Photography via SSENSE

SSENSE’s New Montreal Flagship Store is the Future of Retail

“Anybody can get in and sleep, shop, have sex, play,” says editor-in-chief of SSENSE, Joerg Koch, describing the architectural concept of Fun Palace, conceived by architect Cedric Price in 1964. Though it was never erected, Fun Palace was designed as a flexible leisure space where individuals could come to do whatever they pleased, be it “starting a riot or beginning a painting.” Fun Palace seems to have little in common with a traditional retail store, built for the express purpose of facilitating the sale of goods, but perhaps that’s the point.

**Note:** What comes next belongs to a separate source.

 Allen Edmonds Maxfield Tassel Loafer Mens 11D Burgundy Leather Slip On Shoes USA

While it’s highly unlikely to be hosting any public sex, the philosophy of Fun Palace heavily informs the design of SSENSE’s new Montreal location, which opens its doors May 3rd. Located on rue Saint-Sulpice in old Montreal, a fusty historic façade encases an entirely new brutalist concrete structure designed by architect David Chipperfield. The building serves as a perfect metaphor for the brand. As founder Rami Atallah says, “SSENSE is a lot about the tensions.”

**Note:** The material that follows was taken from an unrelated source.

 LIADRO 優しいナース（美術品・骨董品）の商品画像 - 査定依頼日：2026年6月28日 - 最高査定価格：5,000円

Atallah founded SSENSE in 2003 when he was still an engineering student at Polytechnique Montreal, and turned in the code for an e-commerce site as one of his grad school projects. At the time, Atallah was a burgeoning hypebeast. “I was one of those kids who gets obsessed when there’s a drop, and then they flip,” he says. The entrepreneurial instinct has served him well, as SSENSE has emerged as one of the most prominent luxury e-retailers of the decade.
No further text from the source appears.